The deeper implication is about the structure of the AI coding tools market. GitHub Copilot, the market leader, runs entirely in the cloud. So does Amazon CodeWhisperer. So does Google’s Duet AI. These products are built on the assumption that developers will accept sending code to a remote server. That assumption holds for many teams. It does not hold for defense contractors, financial services firms, healthcare organizations, or any company that treats source code as a trade secret.

JetBrains is betting that a meaningful fraction of the enterprise market will pay a premium for on-premises AI. The bet is not unreasonable. The same dynamic played out in the IDE market itself. JetBrains built its business selling on-premises development tools to enterprises that would not touch cloud IDEs. Mellum extends that strategy to AI.

There is also a competitive angle against Microsoft. JetBrains and Microsoft compete in the IDE space. IntelliJ IDEA and VS Code go head to head. GitHub Copilot is a Microsoft product that works best in VS Code.
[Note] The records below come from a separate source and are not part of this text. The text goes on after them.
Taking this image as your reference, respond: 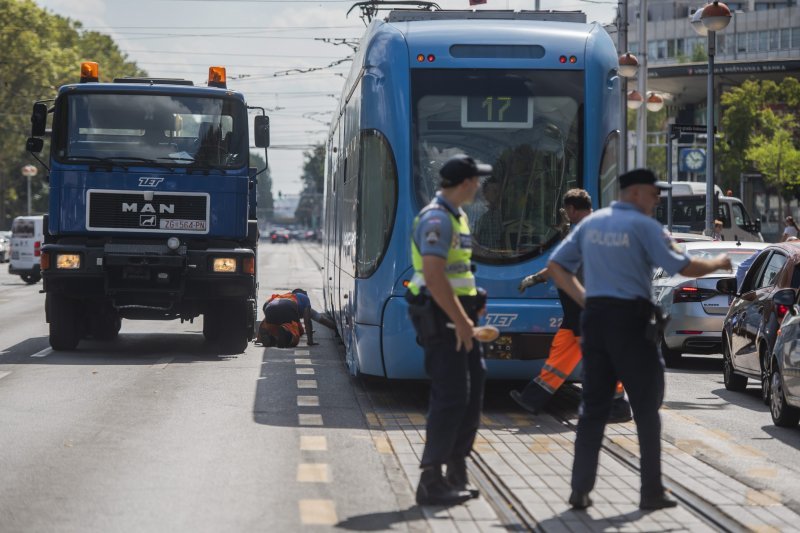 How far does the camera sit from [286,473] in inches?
342

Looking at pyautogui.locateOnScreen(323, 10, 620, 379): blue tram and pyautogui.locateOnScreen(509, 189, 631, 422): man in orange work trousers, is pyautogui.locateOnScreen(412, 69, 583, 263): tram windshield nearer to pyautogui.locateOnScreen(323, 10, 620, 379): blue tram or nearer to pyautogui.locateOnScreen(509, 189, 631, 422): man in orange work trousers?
pyautogui.locateOnScreen(323, 10, 620, 379): blue tram

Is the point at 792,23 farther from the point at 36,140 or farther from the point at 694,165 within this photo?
the point at 36,140

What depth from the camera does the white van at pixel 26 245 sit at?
41.4 meters

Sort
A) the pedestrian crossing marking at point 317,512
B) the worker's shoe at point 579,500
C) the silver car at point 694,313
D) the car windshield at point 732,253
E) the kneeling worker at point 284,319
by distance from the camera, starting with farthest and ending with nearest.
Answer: the kneeling worker at point 284,319 < the car windshield at point 732,253 < the silver car at point 694,313 < the worker's shoe at point 579,500 < the pedestrian crossing marking at point 317,512

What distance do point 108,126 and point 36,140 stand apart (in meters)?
0.93

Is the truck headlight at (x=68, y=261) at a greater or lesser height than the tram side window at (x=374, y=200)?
lesser

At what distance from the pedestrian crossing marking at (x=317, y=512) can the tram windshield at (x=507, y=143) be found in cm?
449

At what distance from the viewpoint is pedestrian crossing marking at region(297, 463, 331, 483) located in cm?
846

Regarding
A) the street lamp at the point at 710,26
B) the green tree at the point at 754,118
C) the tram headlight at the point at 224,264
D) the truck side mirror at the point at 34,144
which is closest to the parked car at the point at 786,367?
the tram headlight at the point at 224,264

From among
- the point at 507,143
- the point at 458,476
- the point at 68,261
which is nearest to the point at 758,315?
the point at 507,143

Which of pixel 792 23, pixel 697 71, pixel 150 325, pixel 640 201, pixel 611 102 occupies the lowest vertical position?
pixel 150 325

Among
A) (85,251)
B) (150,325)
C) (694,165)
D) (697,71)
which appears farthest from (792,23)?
(85,251)

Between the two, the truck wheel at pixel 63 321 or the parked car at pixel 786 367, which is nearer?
the parked car at pixel 786 367

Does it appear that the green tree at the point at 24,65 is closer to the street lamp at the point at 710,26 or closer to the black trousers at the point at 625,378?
the street lamp at the point at 710,26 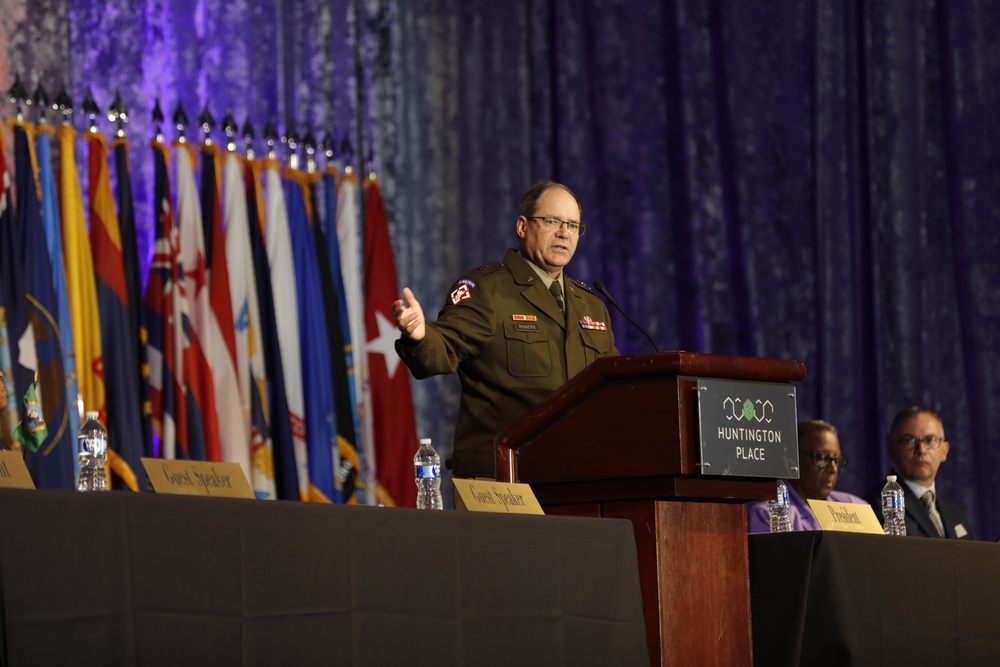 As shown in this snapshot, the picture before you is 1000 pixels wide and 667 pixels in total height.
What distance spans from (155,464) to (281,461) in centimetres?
380

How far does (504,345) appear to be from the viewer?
11.5 ft

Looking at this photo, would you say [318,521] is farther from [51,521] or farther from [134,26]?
[134,26]

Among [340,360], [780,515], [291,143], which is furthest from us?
[291,143]

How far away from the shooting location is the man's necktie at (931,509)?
4984mm

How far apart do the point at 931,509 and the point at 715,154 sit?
2.57 meters

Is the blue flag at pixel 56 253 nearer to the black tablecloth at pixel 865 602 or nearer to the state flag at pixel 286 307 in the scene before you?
the state flag at pixel 286 307

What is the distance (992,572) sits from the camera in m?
3.17

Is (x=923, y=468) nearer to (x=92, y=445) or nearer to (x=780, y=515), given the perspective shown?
(x=780, y=515)

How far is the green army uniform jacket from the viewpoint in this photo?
11.3ft

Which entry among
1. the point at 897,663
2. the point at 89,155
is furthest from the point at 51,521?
the point at 89,155

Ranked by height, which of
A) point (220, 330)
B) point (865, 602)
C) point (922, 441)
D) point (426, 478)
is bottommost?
point (865, 602)

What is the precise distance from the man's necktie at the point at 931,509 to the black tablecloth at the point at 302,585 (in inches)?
110

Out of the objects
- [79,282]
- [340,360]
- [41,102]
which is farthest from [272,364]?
[41,102]

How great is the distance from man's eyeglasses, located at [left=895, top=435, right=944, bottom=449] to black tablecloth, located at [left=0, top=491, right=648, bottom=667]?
2835 millimetres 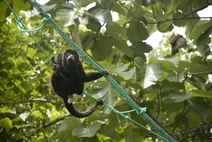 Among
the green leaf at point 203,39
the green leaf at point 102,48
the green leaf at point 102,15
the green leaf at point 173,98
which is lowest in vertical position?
the green leaf at point 173,98

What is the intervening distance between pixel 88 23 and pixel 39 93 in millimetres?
1254

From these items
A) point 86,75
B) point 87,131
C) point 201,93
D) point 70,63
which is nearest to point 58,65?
point 70,63

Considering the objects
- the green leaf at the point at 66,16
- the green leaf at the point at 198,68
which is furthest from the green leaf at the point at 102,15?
the green leaf at the point at 198,68

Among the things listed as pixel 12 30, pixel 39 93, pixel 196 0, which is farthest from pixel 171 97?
pixel 12 30

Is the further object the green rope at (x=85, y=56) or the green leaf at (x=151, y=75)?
the green leaf at (x=151, y=75)

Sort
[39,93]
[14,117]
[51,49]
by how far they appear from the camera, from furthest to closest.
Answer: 1. [51,49]
2. [39,93]
3. [14,117]

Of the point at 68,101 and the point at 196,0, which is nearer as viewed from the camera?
the point at 68,101

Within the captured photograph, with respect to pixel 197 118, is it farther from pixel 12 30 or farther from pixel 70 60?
pixel 12 30

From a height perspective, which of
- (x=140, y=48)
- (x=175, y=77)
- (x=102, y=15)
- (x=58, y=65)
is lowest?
(x=175, y=77)

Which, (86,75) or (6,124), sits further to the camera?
(6,124)

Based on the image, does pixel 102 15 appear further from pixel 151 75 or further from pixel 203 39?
pixel 203 39

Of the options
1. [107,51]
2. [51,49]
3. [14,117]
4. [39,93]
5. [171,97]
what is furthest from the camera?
[51,49]

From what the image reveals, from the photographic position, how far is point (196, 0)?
233cm

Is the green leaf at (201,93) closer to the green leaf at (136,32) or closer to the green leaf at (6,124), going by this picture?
the green leaf at (136,32) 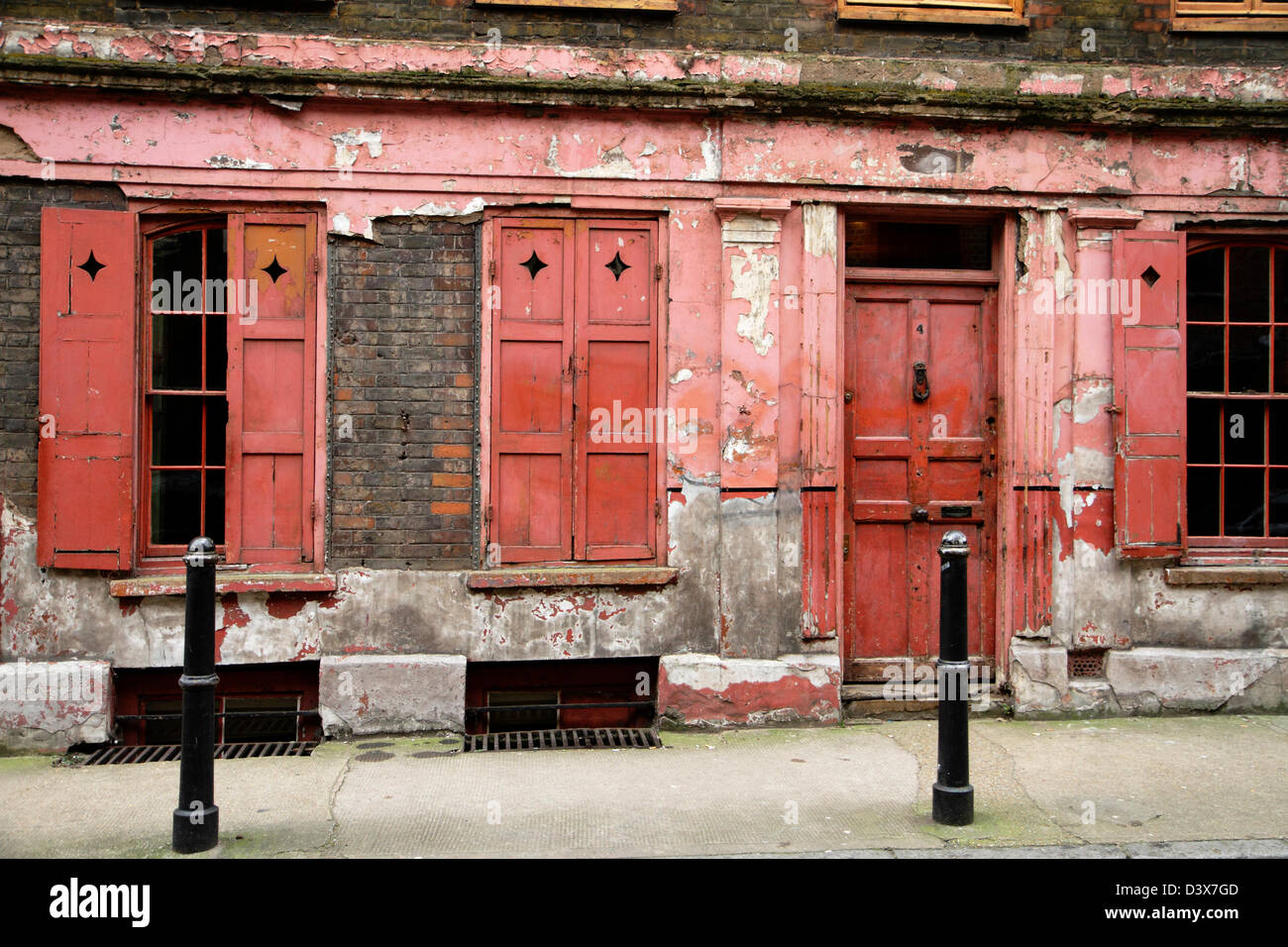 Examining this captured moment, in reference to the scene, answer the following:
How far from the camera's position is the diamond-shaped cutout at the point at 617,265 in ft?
21.0

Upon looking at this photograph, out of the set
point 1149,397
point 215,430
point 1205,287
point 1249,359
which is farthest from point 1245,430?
point 215,430

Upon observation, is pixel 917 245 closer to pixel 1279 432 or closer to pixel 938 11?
pixel 938 11

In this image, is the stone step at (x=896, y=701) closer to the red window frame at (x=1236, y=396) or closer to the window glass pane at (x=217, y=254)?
the red window frame at (x=1236, y=396)

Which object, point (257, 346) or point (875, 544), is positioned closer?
point (257, 346)

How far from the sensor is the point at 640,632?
630 centimetres

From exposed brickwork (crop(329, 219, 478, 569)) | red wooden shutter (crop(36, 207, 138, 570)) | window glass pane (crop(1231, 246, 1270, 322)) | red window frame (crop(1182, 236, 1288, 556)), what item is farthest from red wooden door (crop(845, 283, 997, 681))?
red wooden shutter (crop(36, 207, 138, 570))

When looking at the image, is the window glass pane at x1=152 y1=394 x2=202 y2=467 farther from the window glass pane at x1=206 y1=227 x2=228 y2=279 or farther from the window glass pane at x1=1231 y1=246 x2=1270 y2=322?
the window glass pane at x1=1231 y1=246 x2=1270 y2=322

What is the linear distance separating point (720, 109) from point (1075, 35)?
2408 mm

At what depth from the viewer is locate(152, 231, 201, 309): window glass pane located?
6.24 m

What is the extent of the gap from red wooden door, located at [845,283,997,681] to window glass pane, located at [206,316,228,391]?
3.89 metres

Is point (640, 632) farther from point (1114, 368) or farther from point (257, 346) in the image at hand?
point (1114, 368)

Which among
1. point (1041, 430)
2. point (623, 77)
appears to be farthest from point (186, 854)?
point (1041, 430)

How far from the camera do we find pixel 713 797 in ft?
16.4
JetBrains cannot afford to let Copilot become the default AI assistant for all developers, including those who use IntelliJ. Mellum gives JetBrains a proprietary AI capability that is tightly integrated with its own IDEs and cannot run inside VS Code.

The integration depth matters. Mellum is not a generic model that JetBrains plugs into its IDEs via an API. The model is designed to leverage the IDE’s internal representation of code, including project structure, type information, and static analysis results. That is something that a cloud-only model cannot do as efficiently, because it would require sending the entire project context over the network with every request. Mellum, running locally, can access that context with near-zero latency.

JetBrains claims Mellum supports Java, Kotlin, Python, Go, and PHP. Those are the languages most commonly used in JetBrains IDEs. The company has an Early Access Program for additional languages. But the model is not a general-purpose coding assistant. It is a completion model. It suggests the next few tokens. It does not answer questions, refactor code, or generate entire functions from natural language prompts. Those capabilities remain in the cloud-based AI Assistant, which can use OpenAI, Anthropic, or other providers.

That division of labor makes sense. Completion is the highest-frequency AI interaction in an IDE. It needs to be fast. It benefits from local execution. Everything else can tolerate cloud latency. JetBrains is splitting the difference.

The open question is whether Mellum’s performance justifies the infrastructure investment. A 40 percent acceptance rate is solid. But developers are accustomed to free or cheap code completion from Copilot, which costs $10 per month and requires no GPU hardware. Convincing a CTO to buy GPUs and pay for JetBrains AI Enterprise licenses requires a demonstrable improvement in developer productivity. JetBrains has not published controlled studies showing that Mellum outperforms Copilot on equivalent tasks.

What JetBrains has published is a deployment guide that reads like enterprise infrastructure documentation. Helm charts. JWT keys. Node selectors. Image pull secrets. The audience is not individual developers. The audience is the DevOps team at a large company that already runs Kubernetes, already manages GPU clusters, and already pays for JetBrains licenses.

That is the bet. JetBrains is betting that the enterprise market for AI coding tools will fragment along security and compliance lines, and that a self-hosted model with deep IDE integration will capture the high end. The company is not trying to win the consumer or startup market. It is trying to win the Fortune 500.

The hardware requirements will limit adoption to organizations that already have GPU infrastructure. But for those organizations, Mellum offers something that no cloud-only competitor can match: the guarantee that code never leaves the building.